Fortunately, he wouldn’t be seeing Vanessa again. But how could he forget her? By four o’clock this morning, when she’d done that mind-bending, over-the-top thing where her tongue twirled around every inch of him, Morgan had suspected he’d never again crave another woman. Every tantalizing tidbit he’d ever heard about Vanessa had turned out to be true. And boy, oh boy, he’d loved every minute of it.
“Two words,” Morgan whispered, resting his hand on the doorknob. “Forget her.”

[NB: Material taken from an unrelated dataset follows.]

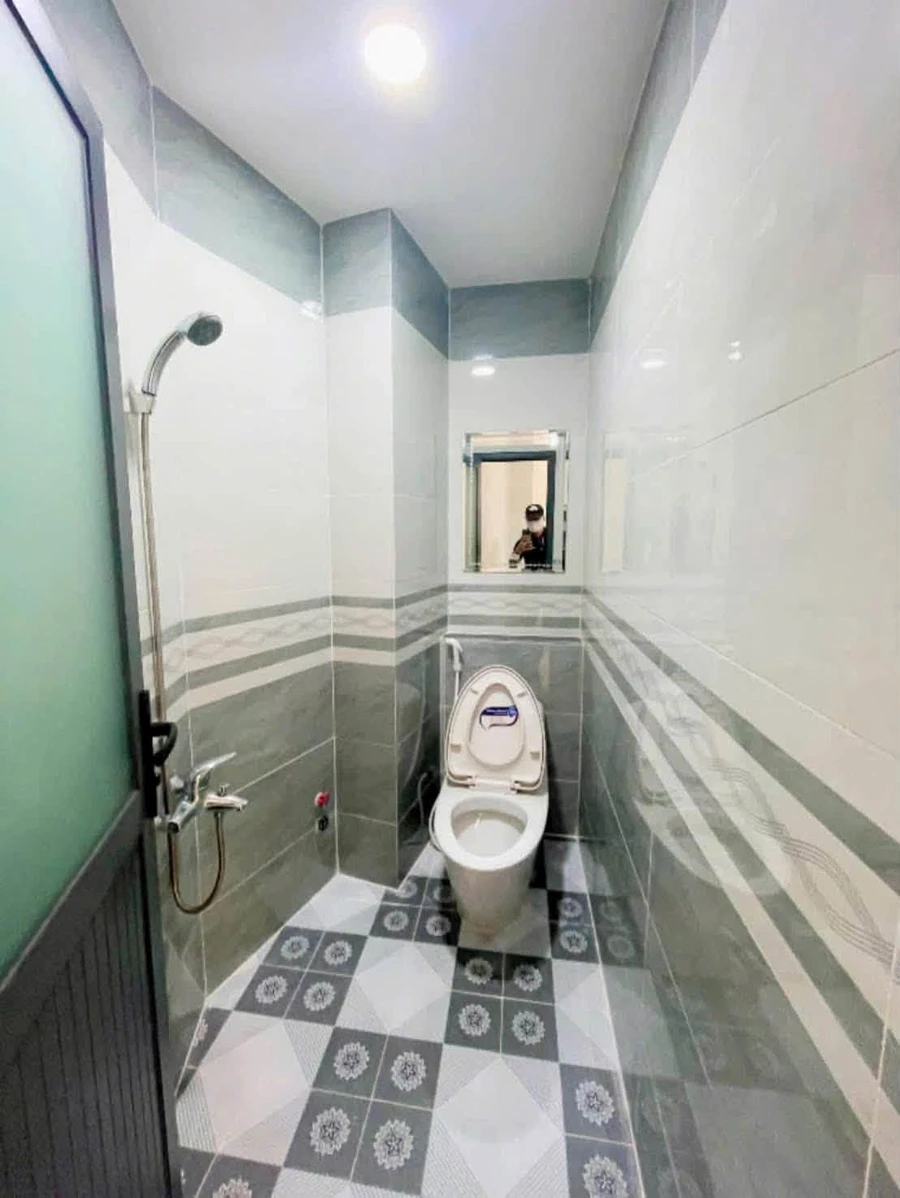 Bán nhà 4 tầng 116m² Phường 15 Quận 4, giá 4.6 tỷ - Ảnh thu nhỏ 5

Vanessa Verne was rich, smart, gorgeous and played with fire, something that could cost Morgan the job he loved. Just as he swung open the door and realized Bjorn hadn’t brought his car around front as he’d promised, the senator’s bass voice sounded behind him. “You won’t be needing your car.”
Morgan got a sinking, no-way-out feeling. Two minutes later, he was ensconced opposite Vanessa in a leather armchair in the late Nora Verne’s study, and his worst fears were realized. His eyes trailed from floral draperies to peach walls lined with photographs of the nationally renowned socialite who’d befriended countless dignitaries and achieved fame for her tastefully lavish parties—and then to Vanessa.
She’d inherited her mother’s looks. Her father, who was pacing between them in front of a teak desk, was a full five inches shorter than she. He was known for his taciturn manner, and he had heavy sagging jowls and watery dark eyes that hid in the fleshy folds of his eyelids. If it weren’t for the navy suits that barely buttoned over his portly girth and the conservative ties he favored—this one printed with sailing ships—Ellery Verne would look more like a Mafia don than an aging, eccentric, retired U.S. senator.